The easiest and quickest way of adding a new user or group is to use YaST2. Of course, you can also perform these tasks through the command line, as we explain later in this chapter.
Here are the basic steps for using YaST2 to add a new user:
Select K menu ® Control Center, click the YaST2 Modules icon, click Security and Users, and then click Edit and Create Users.
This requires root privileges, so click the Administrator Mode button and enter your root password.
You see a list of current ordinary (nonroot or system) users. To add a new user, click the relevant button at the bottom left of the screen.
You see a screen virtually identical to that presented during initial installation, as shown in Figure 30-1. Enter the full name of the new user (for your own reference), the new username, and the password.
Figure 30-1. Creating new users is easily done via the central YaST2 configuration program.
If you want to set a password expiration time, click the Password Settings button. This can be useful if you want to create a user account that is valid for a limited period.
Unlike under Windows NT, when a user account's password expires in SUSE Linux, the user won't then be prompted to enter a new password. The account will simply be disabled, at least until the root user steps in to reset the password. Also, the user won't be able to overcome the expiration by changing her password manually in advance. The expiration date applies to any password on the account.
If you want to manually enter a UID number, or adjust the groups to which the user belongs, click the Details button. As discussed earlier, by default, the user will belong to a handful of system groups that will give her access to particular hardware resources. You can see a list of these here. However, it's not advisable to change any default group memberships, because the user account could be seriously crippled when it comes to running programs on the system.
Click the Create button.
You're returned to the username list. Click the Finish button to confirm the changes.
When you're finished, the new user will be set up and will have her own directory within the /home/ directory.
Adding a new group is similarly easy. Simply click Edit and Create Groups on the left side of the YaST2 program window. You can enter a group name and add members from the list of current users. You can also manually specify a GID if you wish. Perhaps surprisingly, a group can also have a password. This comes into play when a user uses the newgrp command to temporarily switch group membership. If he tries to switch to a group that is password-protected, he will be prompted for the password first.
If you want to edit any of the user or group information, from the main Edit and Create Users or Edit and Create Groups screen, select the user or group you are interested in, and then click the Edit button. You can then change any of the details you previously entered. Click Next to return to the main administration screen.
To delete a user account, from the main Edit and Create Users screen, select the user you want to remove, and then click the Delete button. You'll be asked to confirm that you really want to go through with the deletion.
If you want to delete a group, you'll first need to remove all the members from the group. From the main Edit and Create Groups screen, select the group, click Edit, and uncheck all the boxes next to the users in the list. Then you can return to the main Edit and Create Groups screen, select the group, and click the Delete button.
Creating new users at the command-line shell is easily done using the useradd command. This command can be run only by root. When switching to the root user, use the following command in order to adopt the root user's $PATH details and thereby access root-only commands:
The command to add a user is normally used in the following way:
useradd -m <username>
The -m command option tells the command to create a home directory for the user (this is created from a template, so comes ready-made with SUSE-specific folders, configuration files, and so on). Used on its own, useradd merely updates system files with the new user's details and nothing else. There are several other useful command options, which can be discovered by a quick browse of the command's man page.
Creating a new user this way will automatically add him to the Users group—the default group that most ordinary users are added to under SUSE Linux. In addition, the command uses a range of skeleton settings that are applied to the account. In this way, the user will be added to the standard system groups necessary to access various pieces of hardware, and vital hidden system files for various pieces of software will be installed in his home directory, ready for use.
Creating a new user won't automatically apply a password to the account. Anyone will be able to log in with the username by leaving the password field blank. Because of this, the first thing you should do is to use the passwd command to assign a password to the new account, as we discuss in a minute.
Perhaps unsurprisingly, deleting a user can be achieved with the userdel command.

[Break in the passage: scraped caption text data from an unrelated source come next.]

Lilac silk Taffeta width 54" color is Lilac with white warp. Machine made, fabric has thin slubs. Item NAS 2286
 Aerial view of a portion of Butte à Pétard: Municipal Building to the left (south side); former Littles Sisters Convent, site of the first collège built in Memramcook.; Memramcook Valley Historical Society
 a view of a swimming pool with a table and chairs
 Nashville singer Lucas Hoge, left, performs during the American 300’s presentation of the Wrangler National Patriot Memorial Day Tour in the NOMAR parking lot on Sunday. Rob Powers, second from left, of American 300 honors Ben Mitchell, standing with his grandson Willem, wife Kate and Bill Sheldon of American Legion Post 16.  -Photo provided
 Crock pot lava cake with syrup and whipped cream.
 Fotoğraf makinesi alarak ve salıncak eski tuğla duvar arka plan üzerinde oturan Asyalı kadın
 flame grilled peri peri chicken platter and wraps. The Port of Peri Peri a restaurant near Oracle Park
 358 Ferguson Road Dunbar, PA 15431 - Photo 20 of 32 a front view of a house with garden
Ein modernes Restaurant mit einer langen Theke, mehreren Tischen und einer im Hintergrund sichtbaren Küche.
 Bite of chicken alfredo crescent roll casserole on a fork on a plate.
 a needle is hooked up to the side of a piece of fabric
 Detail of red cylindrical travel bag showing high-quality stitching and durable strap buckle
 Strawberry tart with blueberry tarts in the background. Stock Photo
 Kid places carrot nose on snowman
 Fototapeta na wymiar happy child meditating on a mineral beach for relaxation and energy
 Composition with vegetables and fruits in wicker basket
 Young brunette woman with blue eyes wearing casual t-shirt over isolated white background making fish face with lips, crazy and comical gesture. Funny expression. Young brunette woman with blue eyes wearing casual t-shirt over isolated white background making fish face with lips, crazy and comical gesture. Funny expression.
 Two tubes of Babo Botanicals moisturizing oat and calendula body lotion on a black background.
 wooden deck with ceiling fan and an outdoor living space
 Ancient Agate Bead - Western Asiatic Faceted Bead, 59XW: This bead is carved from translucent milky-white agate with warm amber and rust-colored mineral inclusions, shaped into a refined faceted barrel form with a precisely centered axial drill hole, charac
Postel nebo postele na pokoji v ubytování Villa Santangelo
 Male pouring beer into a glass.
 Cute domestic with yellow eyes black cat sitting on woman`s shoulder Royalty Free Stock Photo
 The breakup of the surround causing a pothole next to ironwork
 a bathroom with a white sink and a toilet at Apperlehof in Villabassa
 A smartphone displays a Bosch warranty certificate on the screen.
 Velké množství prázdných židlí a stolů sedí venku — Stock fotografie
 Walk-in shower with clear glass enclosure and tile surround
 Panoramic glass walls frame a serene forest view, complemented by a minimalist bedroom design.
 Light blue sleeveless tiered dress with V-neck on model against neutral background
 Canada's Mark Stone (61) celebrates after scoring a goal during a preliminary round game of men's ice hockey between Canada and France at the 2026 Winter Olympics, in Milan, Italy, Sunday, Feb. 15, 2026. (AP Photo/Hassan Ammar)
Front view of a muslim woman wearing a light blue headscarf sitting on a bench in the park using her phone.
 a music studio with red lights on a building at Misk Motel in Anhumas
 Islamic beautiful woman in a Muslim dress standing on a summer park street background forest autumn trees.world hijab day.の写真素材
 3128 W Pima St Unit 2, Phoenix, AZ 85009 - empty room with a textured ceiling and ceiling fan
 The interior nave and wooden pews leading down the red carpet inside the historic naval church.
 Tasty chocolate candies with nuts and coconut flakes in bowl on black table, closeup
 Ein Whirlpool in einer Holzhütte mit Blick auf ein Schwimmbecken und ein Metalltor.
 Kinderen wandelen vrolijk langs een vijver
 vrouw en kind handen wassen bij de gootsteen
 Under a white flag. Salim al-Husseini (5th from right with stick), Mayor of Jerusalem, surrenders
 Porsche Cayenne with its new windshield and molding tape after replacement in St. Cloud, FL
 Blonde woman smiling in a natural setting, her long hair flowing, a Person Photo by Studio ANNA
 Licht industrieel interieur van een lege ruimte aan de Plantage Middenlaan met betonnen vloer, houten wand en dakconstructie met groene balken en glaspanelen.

Used on its own, this sweeps the system files, removing any mention of the user. However, the command is normally used with the -rf command options. These cause the user's home direc-tory to be removed, too, along with any files it might contain. The -f option means that the command won't stop with an error if it comes across any files in the home directory that are not owned by the user. Because of this, userdel is a powerful command and should be used with care!
Groups can be added using the groupadd command in much the same way as using the useradd command. The -p option can be added to set a password for the new group. The groupdel command removes the group.